The young Elvis Costello was certainly a sight for sore eyes even if he had based his image solely on a sneering Buddy Holly. The music had a lot of edge too. It was exciting. But what of this year's model?
To look at him things haven't changed much. The same nondescript dark suit, the shades, the infamous Costello cool that always distances him from an audience. Of course he's a bit fatter now, crammed into the new wave clothes like a middle-weight Alexai Sayle, and his following are looking a bit worse for the wear too — all well trimmed beards and check shirts. Upwardly mobile whites reliving the "golden" days of pub rock. Yes, they came to sweat and drink beer, to remind themselves just what it was like to go out again.
Since his first blistering pop songs Elvis has been through the lexicon of popular music. He's played around with soul, country and even folk ballads.
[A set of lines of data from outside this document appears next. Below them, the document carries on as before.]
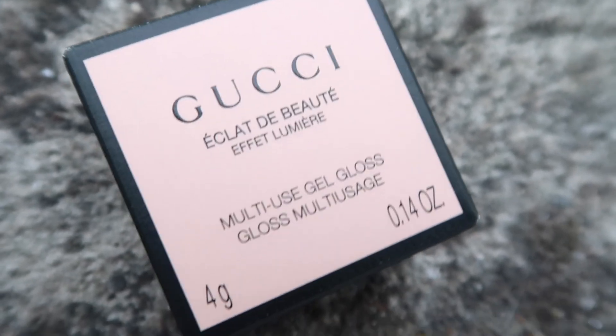It's called the Eclat de Beauté multi-use gel gloss. And I'm not gonna lie, when I got it, it's a lot smaller than I thought it was going to be — it's tiny. I guess it's like the size of a gel eyeshadow, or maybe like a cream blush, maybe no — cream blushes would be sort of bigger than that. So, first of all, I got it from Net-A-Porter, it was £18 and £5 for shipping.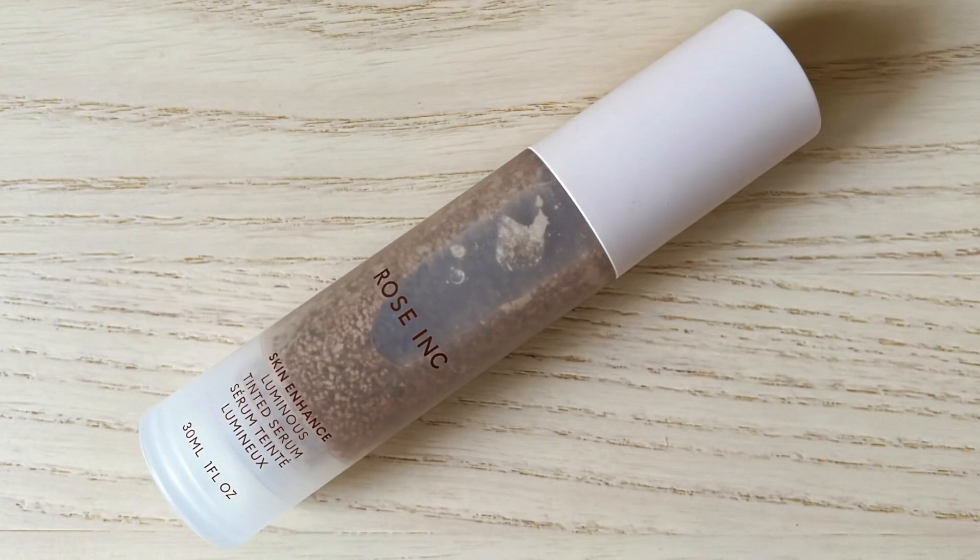So for my foundation, I'm going to be using the Rose Inc Skin Enhance Luminous Tinted Serum in the shade 30. I have been the most excited about this product out of all of the new complexion products that have been coming out recently. This is the best wearing one for my skin type. It's been treating me really, really well.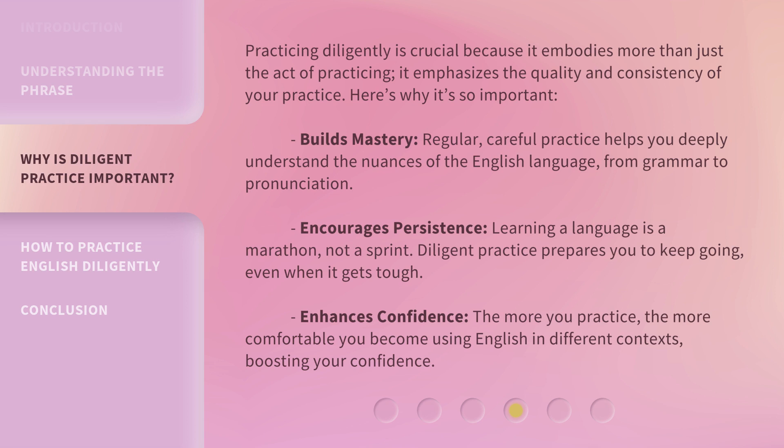Encourages persistence. Learning a language is a marathon, not a sprint. Diligent practice prepares you to keep going, even when it gets tough. Enhances confidence: the more you practice, the more comfortable you become using English in different contexts, boosting your confidence.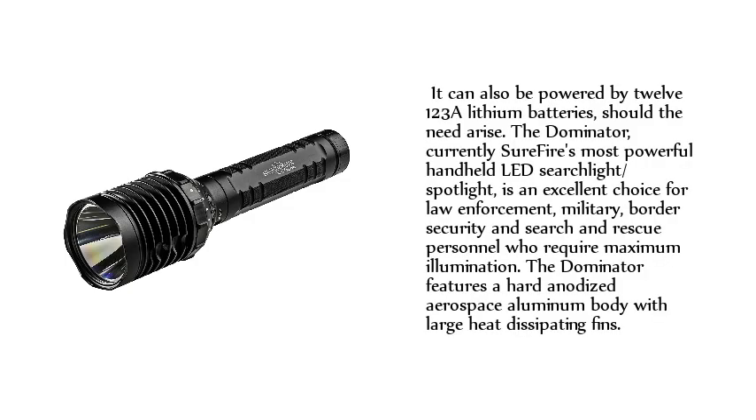It can also be powered by 123A lithium batteries should the need arise. The Dominator, currently Surefire's most powerful handheld LED searchlight spotlight, is an excellent choice for law enforcement, military, border security, and search and rescue personnel who require maximum illumination. The Dominator features a hard-anodized aerospace aluminum body with large heat dissipating fins.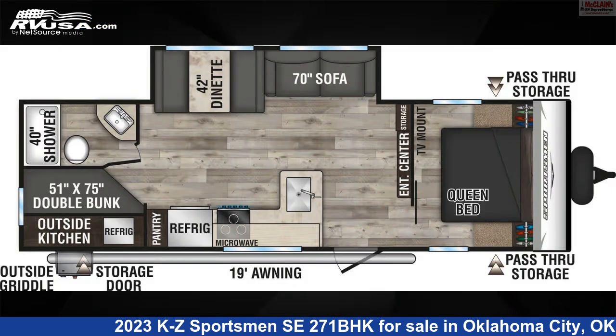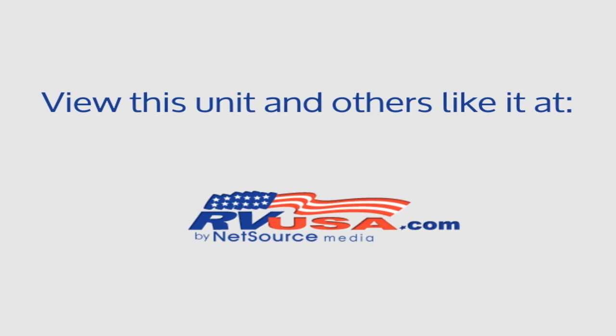For more information and pricing on this unit, and to see all units available for sale by McLean's RV Oklahoma City, visit rvusa.com.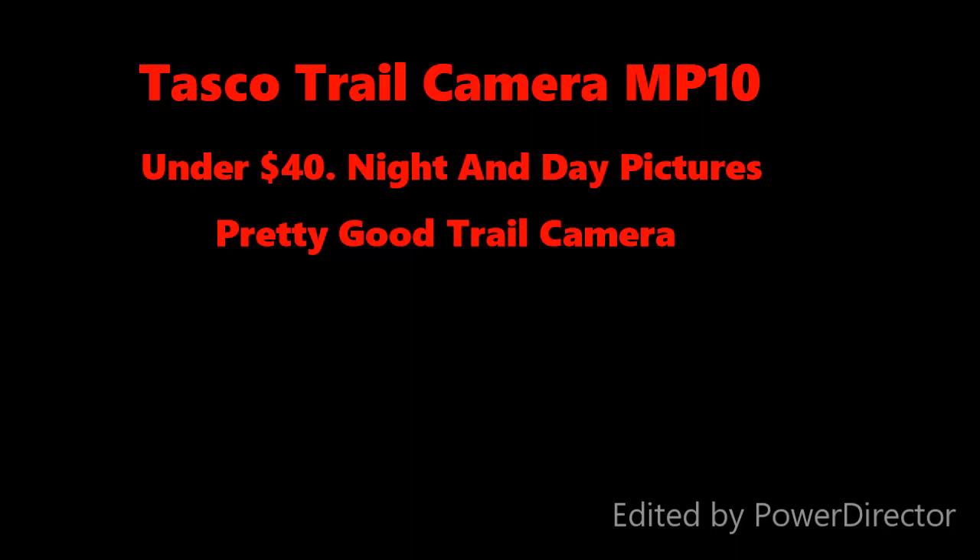This is the Tosco trail camera MP10. You can get them for about $34, but you can get the MP8s at Walmart for like $28. Takes pretty good pictures.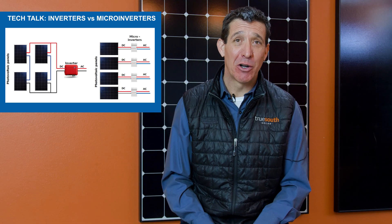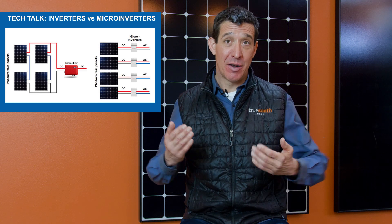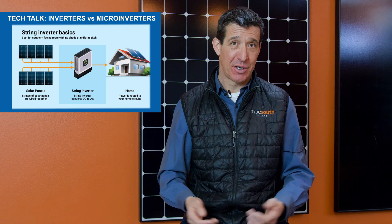The reason we use a microinverter is in a residential application, we want every solar panel to put out as much power as it can, given shading from trees, buildings, or other obstacles.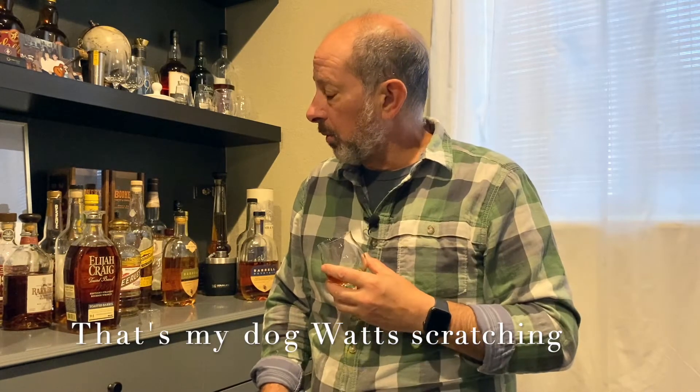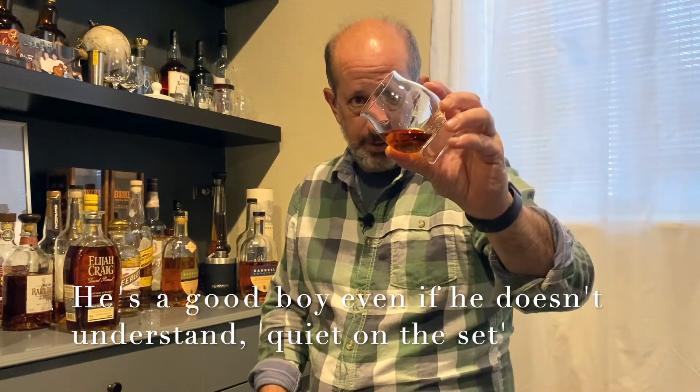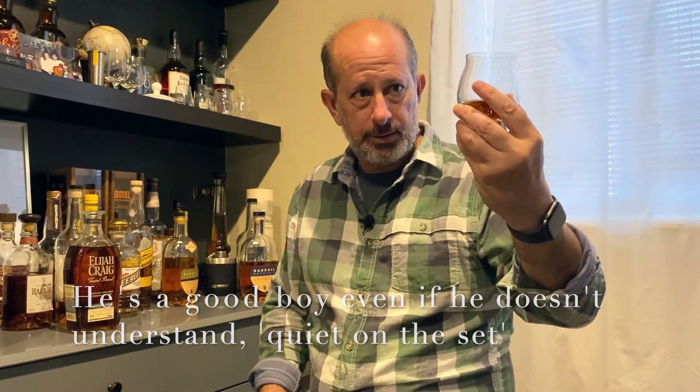I don't know if it's worth nearly double a regular Elijah Craig Small Batch, but we'll live with it for a while. We'll go back to the bottle and see if it changes over time. Right off the bat, I'm not sad at all that I bought this. The legs on that — the legs are just super thick.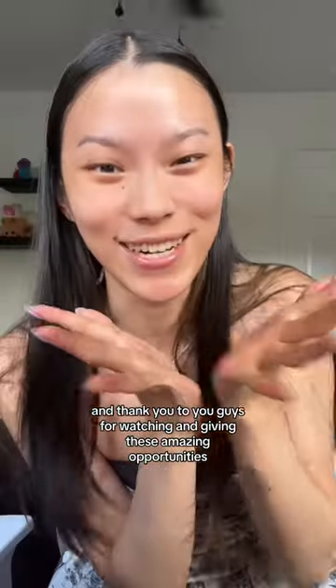What the heck? Thank you so much, Benefit. And thank you to you guys for watching and giving me these amazing opportunities. Thank you.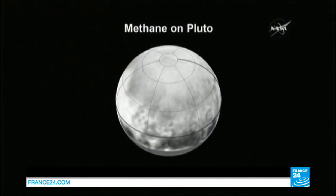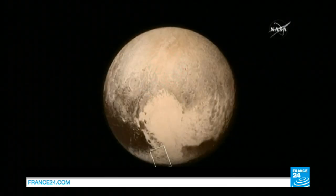The New Horizons team is bringing what was previously a blurred point of light into focus. After ten years and five billion kilometers, the New Horizons craft passed close to the dwarf planet on Tuesday before journeying out into the Kuiper Belt, which is full of icy spheres.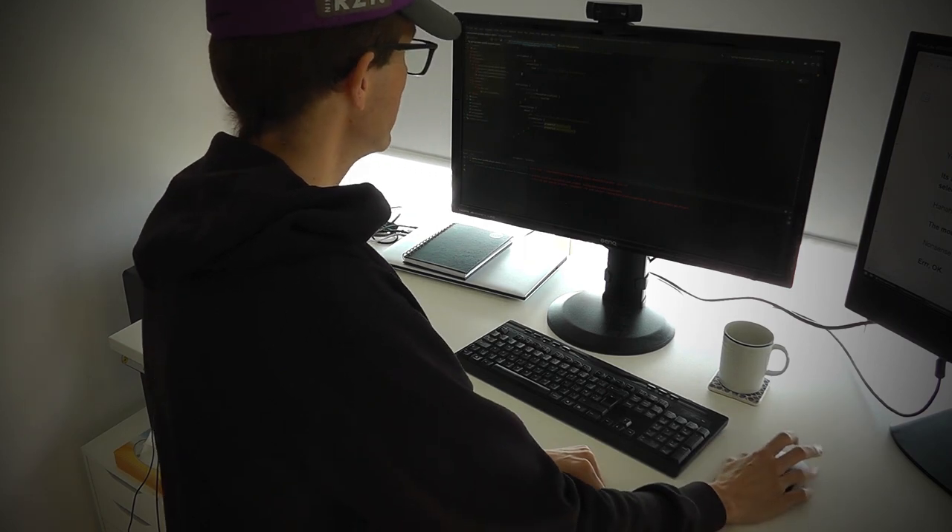Hey you! Stop that right now! Who, me? Yes, you! Software developer slash devops person. What's that thing you're holding? It's a pointing device called the mouse. When I move it, the little arrow on the screen moves, and I can select things.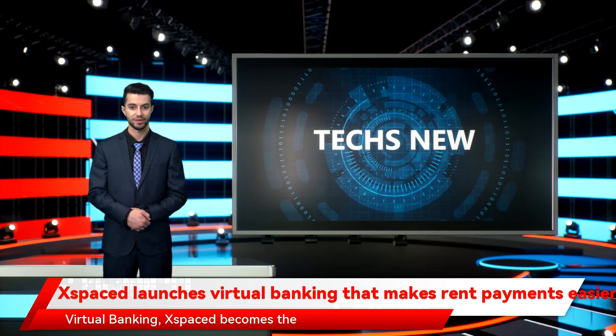With the launch of Spaced virtual banking, Spaced becomes the first of its kind flexible rent payment product in the US that doesn't require landlords to register. Rather than paying rent on their behalf, Spaced helps tenants save money for their upcoming rent payment and doesn't require tenants to go through credit checks.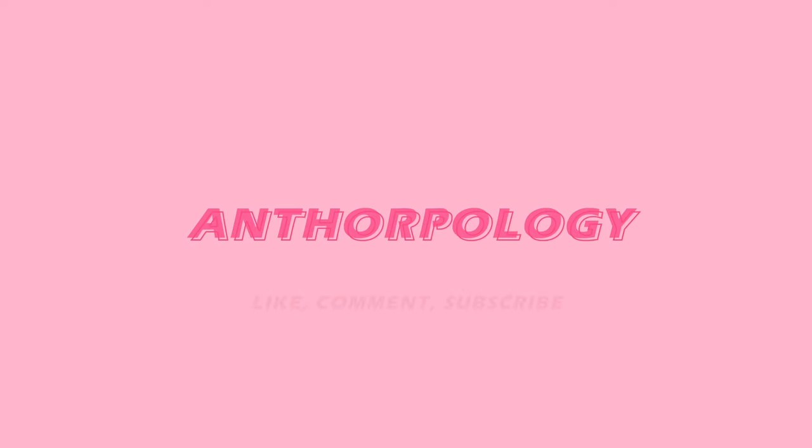Hello everyone, my name is Tor and welcome, or welcome back, to Anthropology. Thank you for joining me in today's video. I hope you're all doing well. It's a very gloomy day here in Vancouver but I hope this can be cozy for you all.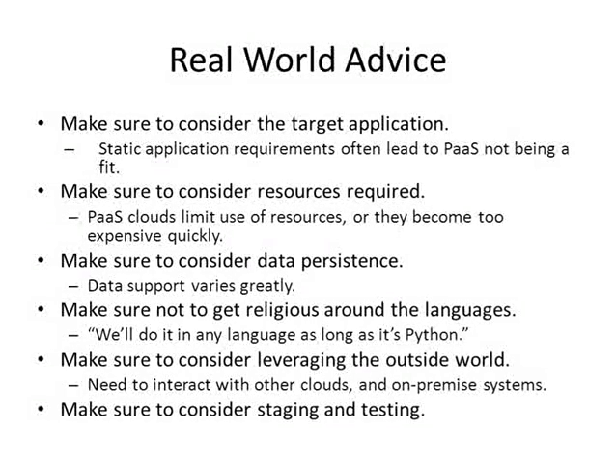Real-world advice: make sure to consider the target application. People often don't look at where they're going to determine the best way to get there. Static application requirements often lead to platform as a service not being a fit. Make sure the PaaS player fulfills the needs of your application — don't force-fit it just because PaaS is trendy. Also consider resources required. PaaS clouds limit use of resources or they become too expensive quickly. You need to understand that scaling up means a larger bill — like the electricity or water bill — and make sure it's cost-effective.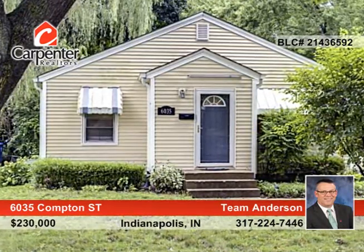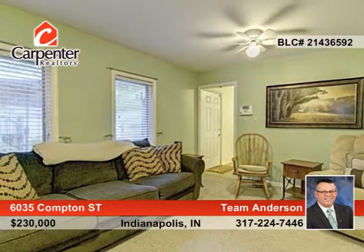This amazing three-bedroom, two-bath Broad Ripple home has been updated and is in a great location. This home offers new features throughout.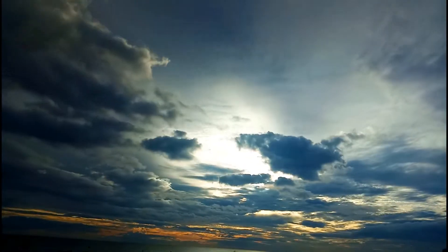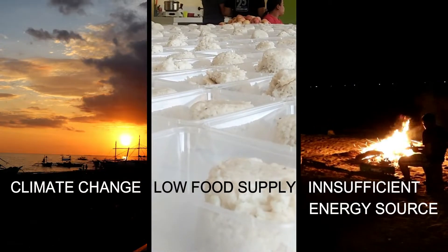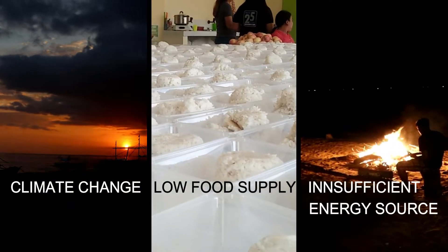The Earth today is facing a lot of problems: climate change, low food supply, and insufficient energy sources. With these problems, what kind of future will our next generation have?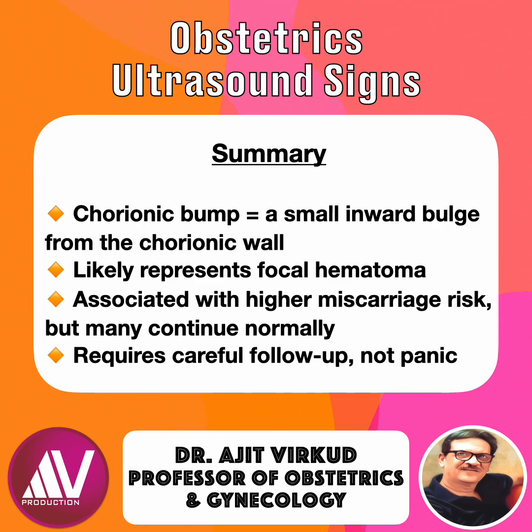For more insights into early pregnancy ultrasound markers, subscribe to my channel and stay tuned. Also, to learn more about the different signs of pregnancy seen on ultrasound and about ultrasound in obstetrics in general, please read my book Practical Obstetrics and Gynecology.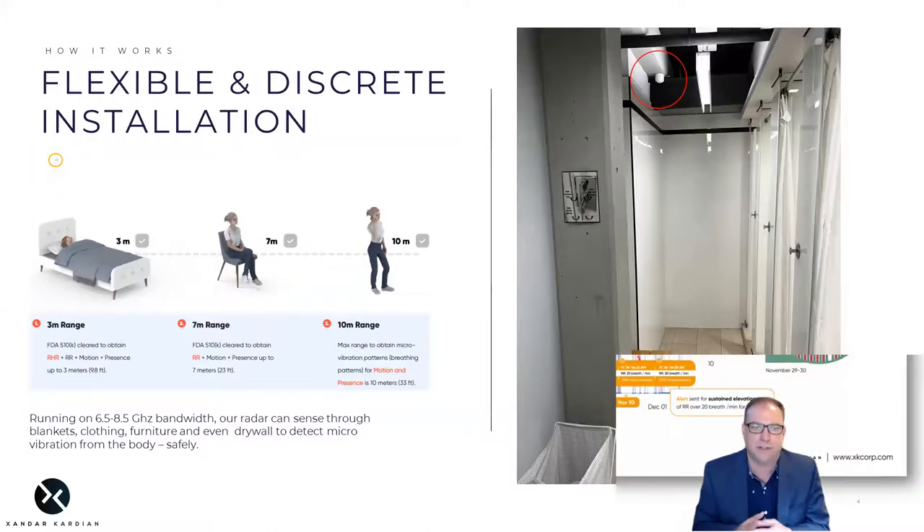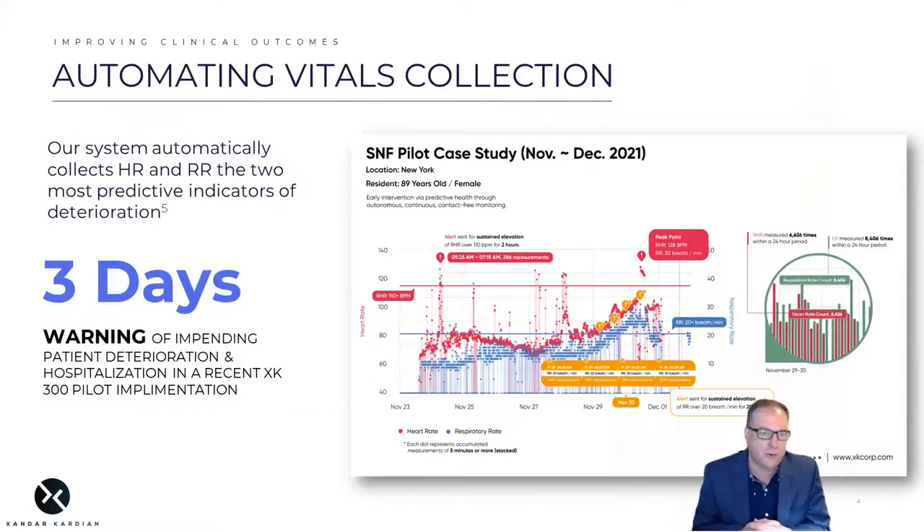But what about the evidence? Published studies show that respiration rate and heart rate are two of the most important predictors of patient deterioration, but because they're difficult to collect continuously, they're really underutilized by clinicians today. In this graph, you can see just one example from a long-term care facility for an otherwise healthy 89-year-old patient — we were able to see a trend more than three days before an acute event and a hospitalization that could have been prevented.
He's become what they cringingly call a "wordsmith," he writes "perfectly crafted" songs. He's a real pro. Don't you ever get the feeling that if you ever hear another perfectly crafted pop song you'd trash the radio there and then? Sometimes it's hard to believe that Elvis doesn't write his songs by numbers these days.
Still the last time I saw the great Costello he had a nice line in fake soul and The Attractions could swing like there was no tomorrow. Sadly that's one thing that has changed, and much for the worse. The current band sound like the classic mid-Seventies rock group. A drummer that runs all over his kit instead of holding a sure beat, horrible swirling keyboards courtesy of Steve Nieve, and a mix that gells everything into a stodgy glob. Even the faithful seemed unsure what was happening.
If Costello has largely lost his way as a writer (his work as The Imposter aside) but honed his other talents, it was natural to expect the emergence of
a classic performer; on this evidence nothing could be further from the truth. His sense of pace bordered on the insane. In a medley of "hits," hardly what you'd expect from a man of taste, he shoved songs like "Watching The Detectives," "Mystery Dance" and "I Can't Stand Up For Falling Down" into one long jam delivered at breakneck speed as if to dispatch them as soon as possible. I mean soul and reggae at that kind of momentum was like a bad joke. A 33⅓ on 45.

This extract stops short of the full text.